An easy to make, and very tasty Chocolate Biscotti. Not too sweet but sweet enough. The red of the craisins adds a little Christmas colour to these. A small plate of these make a nice gift for a friend, wrapped in cellophane and tied with a bit of ribbon.
Ingredients for Chocolate Biscotti
1/2 cup (125 ml) soft butter
2/3 cup (165 ml) sugar
1 3/4 (435 ml) cups flour
1/4 cup (60 ml) unsweetened cocoa powder
1 tbsp (15 ml) instant coffee
2 tsp (10 ml baking soda
pinch of salt
1 cup (250 ml) blanched almonds slices
1/2 cup (125 ml) craisins
Preparing Chocolate Biscotti
- In a large mixing bowl, cream butter and sugar until light and fluffy. Add eggs, one at a time.
- In another bowl use a whisk to mix together the flour, cocoa, baking soda, salt and instant coffee.
- Add the flour mixture to the butter mixture and beat until well mixed.
- Add in the almonds and craisins.
- Preheat oven to 350 degrees F.
- Cover two cookie sheets with parchment paper.

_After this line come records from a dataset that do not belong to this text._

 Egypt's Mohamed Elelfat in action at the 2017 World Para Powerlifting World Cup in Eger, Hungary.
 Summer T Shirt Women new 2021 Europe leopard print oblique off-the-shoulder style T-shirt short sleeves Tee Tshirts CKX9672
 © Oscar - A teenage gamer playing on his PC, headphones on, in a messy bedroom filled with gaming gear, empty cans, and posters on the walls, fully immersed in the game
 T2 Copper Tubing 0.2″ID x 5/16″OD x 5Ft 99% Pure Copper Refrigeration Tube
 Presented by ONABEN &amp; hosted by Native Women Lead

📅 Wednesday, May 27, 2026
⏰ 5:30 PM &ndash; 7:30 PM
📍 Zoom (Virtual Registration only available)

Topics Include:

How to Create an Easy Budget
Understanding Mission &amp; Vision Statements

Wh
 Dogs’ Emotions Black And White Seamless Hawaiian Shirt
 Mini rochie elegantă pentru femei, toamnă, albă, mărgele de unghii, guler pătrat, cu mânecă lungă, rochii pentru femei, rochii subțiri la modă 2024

- Split dough into two parts and make each into a log – it will look a bit like a loaf of french bread – laid out on the parchment paper. Leave a few inches between the logs.

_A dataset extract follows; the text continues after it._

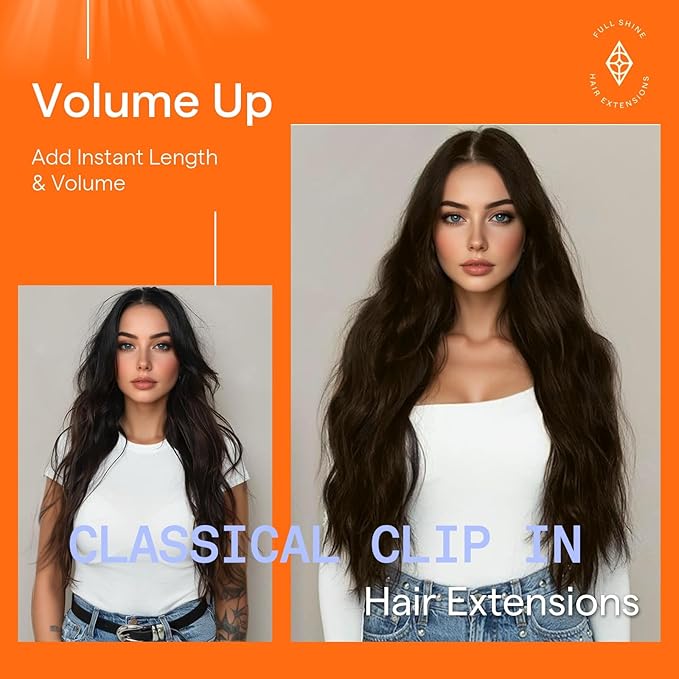 Full Shine 24 Inch Hair Extensions Clip ins Dark Brown Clip in Hair Extensions Human Hair Dark Brown Extensions for Women Real Hair Triple Weft 7 Pcs 120 G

- Bake cookies from 25 to 30 minutes.
- Remove from oven and cool on cookie sheet for roughly 5 minutes and then on a wire rack for about 15 minutes.
- Once cooled, use a serrated knife to cut the loaves into 1/2 inch (1.25 cm) thick slices – similar to a slice of bread.
- Transfer the slices to cookie sheets and bake for 10 minutes on each side.
- Remove from oven, allow to cool for a few minutes before transferring cookies to a wire rack.